## Assigned task
Work through the entries below and report how many lines include "Natural". The number alone is the answer.
(Data under study)
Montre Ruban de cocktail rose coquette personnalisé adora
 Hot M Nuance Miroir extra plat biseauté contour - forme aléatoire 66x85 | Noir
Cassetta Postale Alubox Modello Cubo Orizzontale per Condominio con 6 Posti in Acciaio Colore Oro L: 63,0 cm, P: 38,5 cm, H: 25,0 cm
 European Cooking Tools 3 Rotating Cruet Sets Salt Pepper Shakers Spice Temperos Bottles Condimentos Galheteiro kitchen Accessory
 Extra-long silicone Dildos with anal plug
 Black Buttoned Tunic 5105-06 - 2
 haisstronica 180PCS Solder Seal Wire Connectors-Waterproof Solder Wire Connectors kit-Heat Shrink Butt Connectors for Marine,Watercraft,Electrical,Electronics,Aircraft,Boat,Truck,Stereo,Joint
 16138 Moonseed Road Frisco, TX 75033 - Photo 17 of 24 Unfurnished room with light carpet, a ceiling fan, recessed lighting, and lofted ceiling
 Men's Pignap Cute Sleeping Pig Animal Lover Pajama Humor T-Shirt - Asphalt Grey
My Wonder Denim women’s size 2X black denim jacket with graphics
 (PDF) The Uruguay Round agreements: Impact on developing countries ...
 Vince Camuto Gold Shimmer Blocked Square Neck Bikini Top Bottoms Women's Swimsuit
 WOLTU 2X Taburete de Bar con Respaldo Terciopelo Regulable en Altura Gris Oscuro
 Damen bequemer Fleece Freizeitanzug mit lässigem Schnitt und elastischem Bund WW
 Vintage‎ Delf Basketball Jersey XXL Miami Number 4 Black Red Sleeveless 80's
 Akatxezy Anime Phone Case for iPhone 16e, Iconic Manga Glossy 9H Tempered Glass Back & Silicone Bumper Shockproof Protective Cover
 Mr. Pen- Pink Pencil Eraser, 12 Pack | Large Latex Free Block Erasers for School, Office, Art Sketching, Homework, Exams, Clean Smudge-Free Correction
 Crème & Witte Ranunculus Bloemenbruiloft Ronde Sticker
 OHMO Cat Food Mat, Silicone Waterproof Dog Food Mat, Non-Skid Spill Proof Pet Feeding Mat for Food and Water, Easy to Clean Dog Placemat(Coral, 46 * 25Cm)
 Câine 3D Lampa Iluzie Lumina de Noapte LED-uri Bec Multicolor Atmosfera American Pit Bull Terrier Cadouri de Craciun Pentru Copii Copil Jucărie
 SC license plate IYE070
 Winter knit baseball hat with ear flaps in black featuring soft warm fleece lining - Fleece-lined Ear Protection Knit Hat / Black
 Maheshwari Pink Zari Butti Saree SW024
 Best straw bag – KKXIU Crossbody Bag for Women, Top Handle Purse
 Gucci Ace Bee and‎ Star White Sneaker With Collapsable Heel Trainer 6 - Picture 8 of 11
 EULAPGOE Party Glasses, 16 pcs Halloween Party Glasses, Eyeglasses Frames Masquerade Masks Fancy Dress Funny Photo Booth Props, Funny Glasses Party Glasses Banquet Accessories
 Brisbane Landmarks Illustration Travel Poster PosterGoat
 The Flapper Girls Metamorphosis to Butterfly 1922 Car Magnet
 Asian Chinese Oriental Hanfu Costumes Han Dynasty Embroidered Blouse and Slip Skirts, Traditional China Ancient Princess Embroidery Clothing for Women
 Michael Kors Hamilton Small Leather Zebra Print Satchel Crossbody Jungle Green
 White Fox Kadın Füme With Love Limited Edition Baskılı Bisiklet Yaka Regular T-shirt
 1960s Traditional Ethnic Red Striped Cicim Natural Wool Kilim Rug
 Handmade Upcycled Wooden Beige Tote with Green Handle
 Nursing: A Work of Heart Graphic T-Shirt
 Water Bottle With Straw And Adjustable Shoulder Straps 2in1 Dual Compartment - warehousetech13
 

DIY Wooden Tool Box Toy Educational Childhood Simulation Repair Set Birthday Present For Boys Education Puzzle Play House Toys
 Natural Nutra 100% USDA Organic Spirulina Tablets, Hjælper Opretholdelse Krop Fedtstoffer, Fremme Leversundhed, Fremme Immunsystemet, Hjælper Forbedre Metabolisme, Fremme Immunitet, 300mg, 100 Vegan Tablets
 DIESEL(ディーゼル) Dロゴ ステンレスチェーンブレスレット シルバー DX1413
(End Data under study)
## Result of this task
2